Every record below should be repeated exactly, with the pictures left out.

■ **RECORDS TO USE**:
##############################
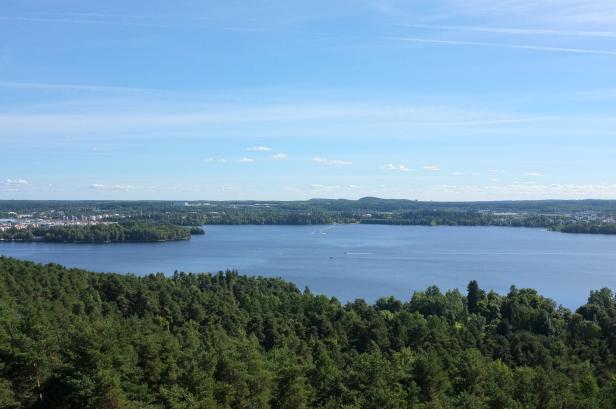 Blick über einen See auf eine Stadt am Horizont, umgeben von grünen Wäldern.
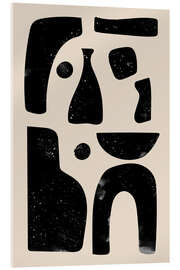 Tableau en verre acrylique Abstract Black Shapes on Beige Background - Melloi Art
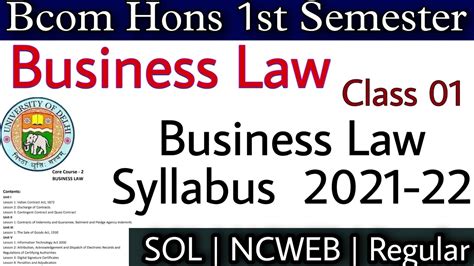 1st Year Business Law Syllabus Bcom Hons 1st Sem Business Law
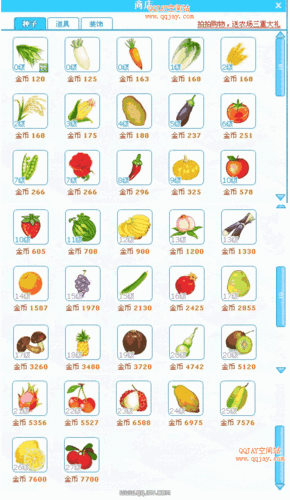 QQ农场植物名称汇总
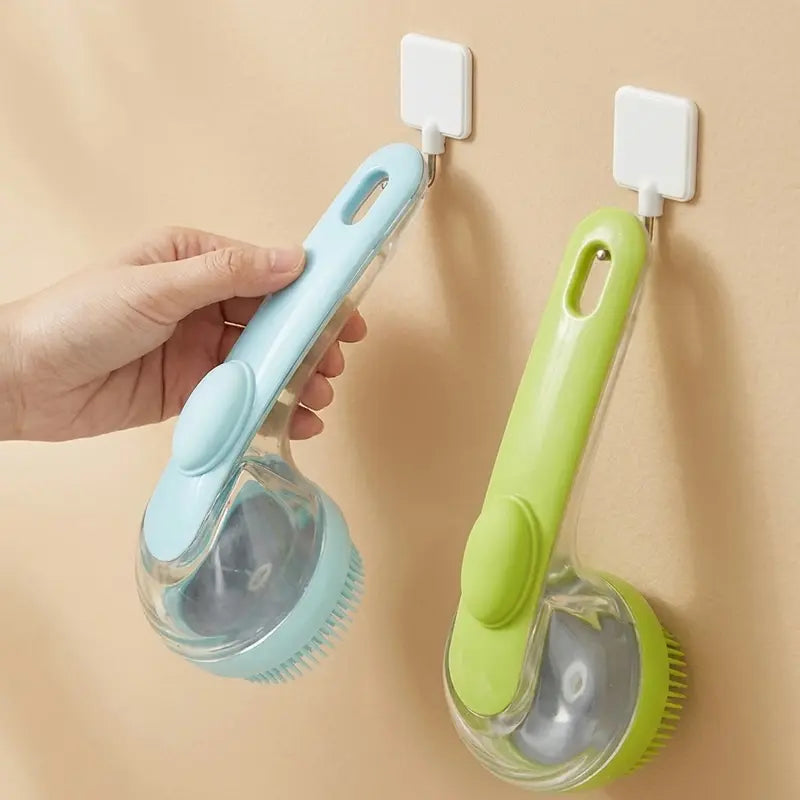 Universal 2-In-1 Pet Bath Brush - Ergo Grip, Plastic Body, Built-In Soap Dispenser, 8In×3In×4In Massage Aid, Reduces Shed While Washing, Boosts Blood Circulation for Dogs & Cats (Home Supplies)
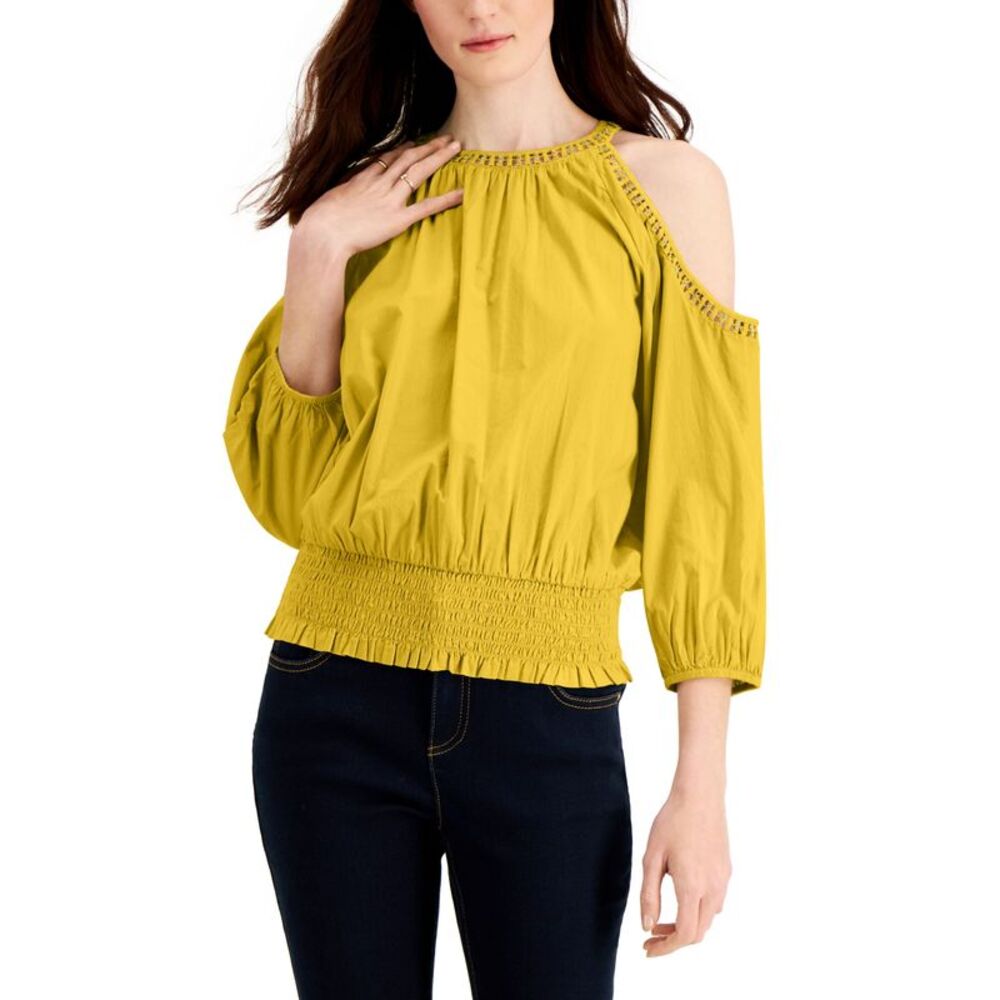 INC International Concepts Crochet Cold Shoulder Smocked Hem Top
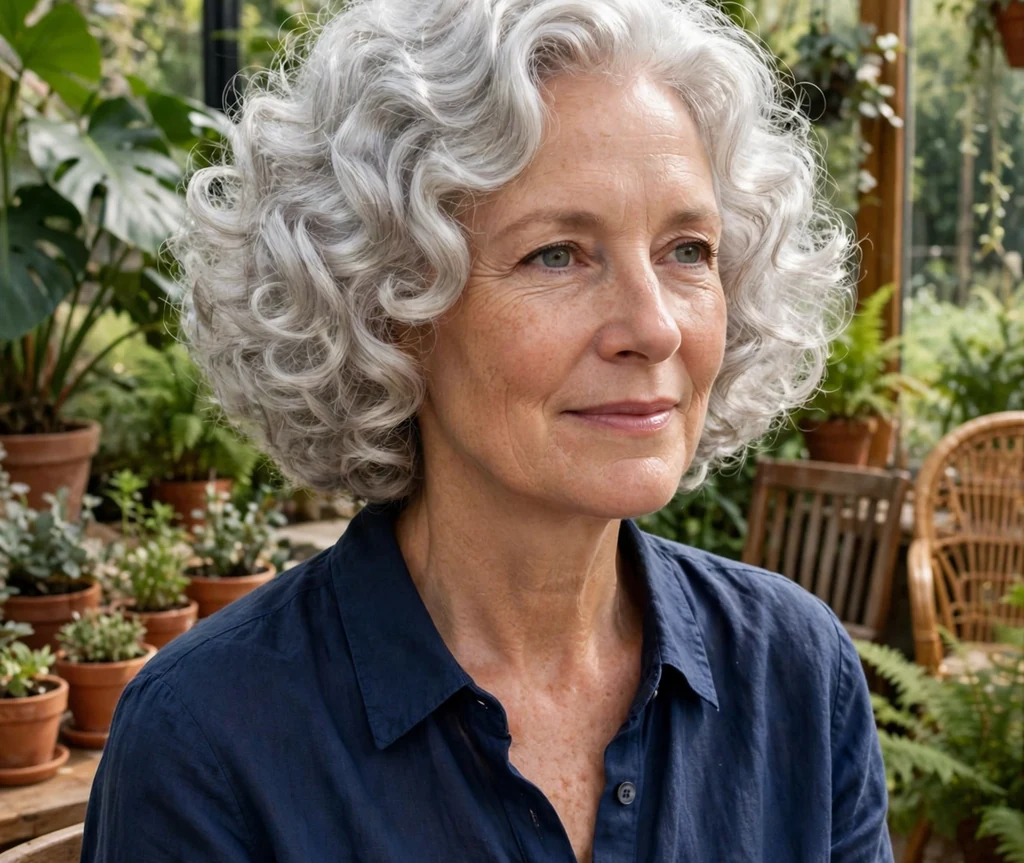 Elegant silver curly bob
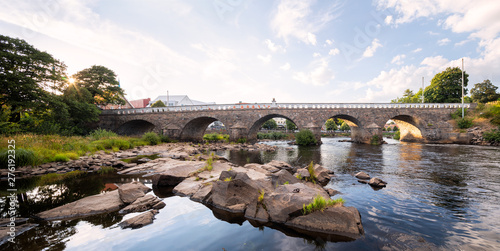 Tullbron, or tullbridge, old stone bridge in central falkenberg over the river Atran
##############################
■ **ANSWER TO THIS TASK**:
 Blick über einen See auf eine Stadt am Horizont, umgeben von grünen Wäldern.
 Tableau en verre acrylique Abstract Black Shapes on Beige Background - Melloi Art
 1st Year Business Law Syllabus Bcom Hons 1st Sem Business Law
 QQ农场植物名称汇总
 Universal 2-In-1 Pet Bath Brush - Ergo Grip, Plastic Body, Built-In Soap Dispenser, 8In×3In×4In Massage Aid, Reduces Shed While Washing, Boosts Blood Circulation for Dogs & Cats (Home Supplies)
 INC International Concepts Crochet Cold Shoulder Smocked Hem Top
 Elegant silver curly bob
 Tullbron, or tullbridge, old stone bridge in central falkenberg over the river Atran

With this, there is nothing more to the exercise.